## Provided entries

[Start of section]

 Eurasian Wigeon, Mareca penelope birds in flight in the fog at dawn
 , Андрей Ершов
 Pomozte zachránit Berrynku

[End of section]
[Start of section]

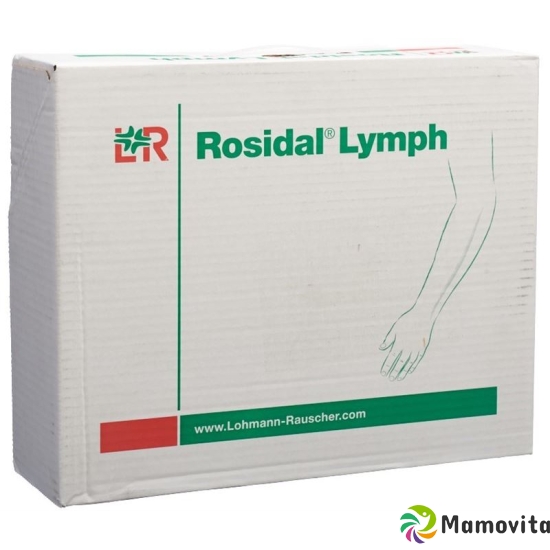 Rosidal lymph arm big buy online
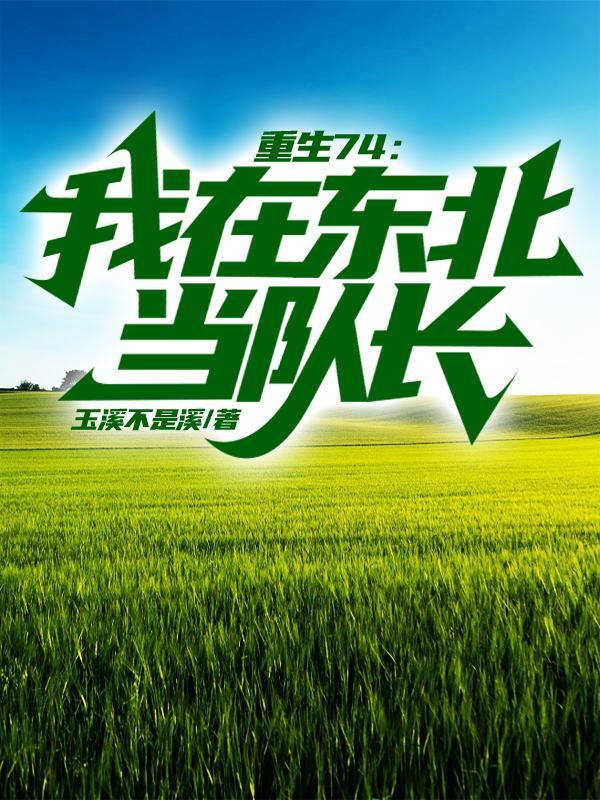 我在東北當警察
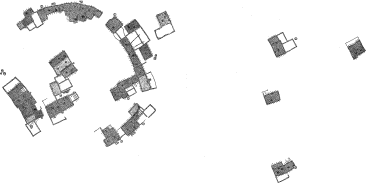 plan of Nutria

[End of section]
[Start of section]

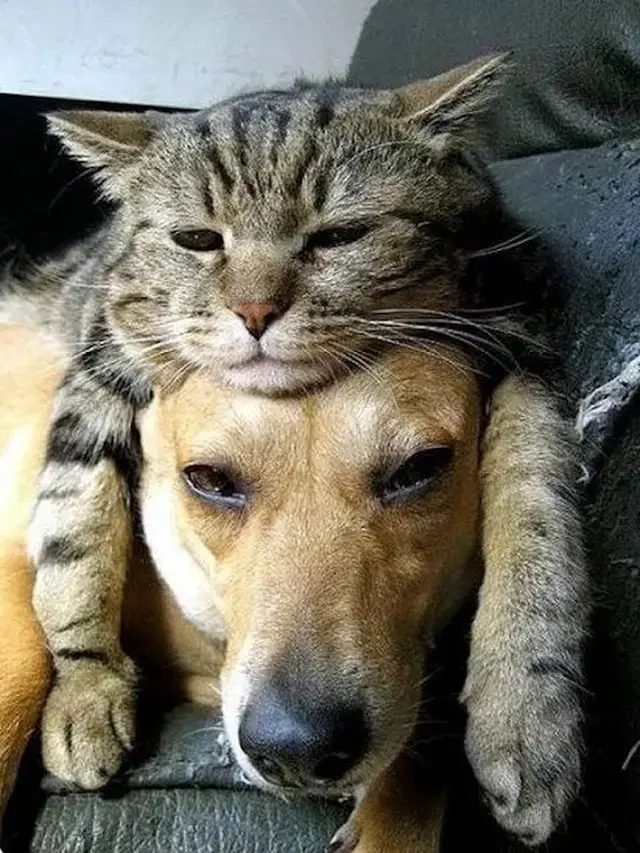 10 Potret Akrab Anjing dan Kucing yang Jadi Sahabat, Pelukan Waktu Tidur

[End of section]

## What needs to be done
Word for word, restate the lines of the data above that fall between the line holding "Eurasian Wigeon, Mareca" and the line holding "Pomozte zachránit Berrynku", inclusive, and no other lines.

## Solution to this problem
 Eurasian Wigeon, Mareca penelope birds in flight in the fog at dawn
 , Андрей Ершов
 Pomozte zachránit Berrynku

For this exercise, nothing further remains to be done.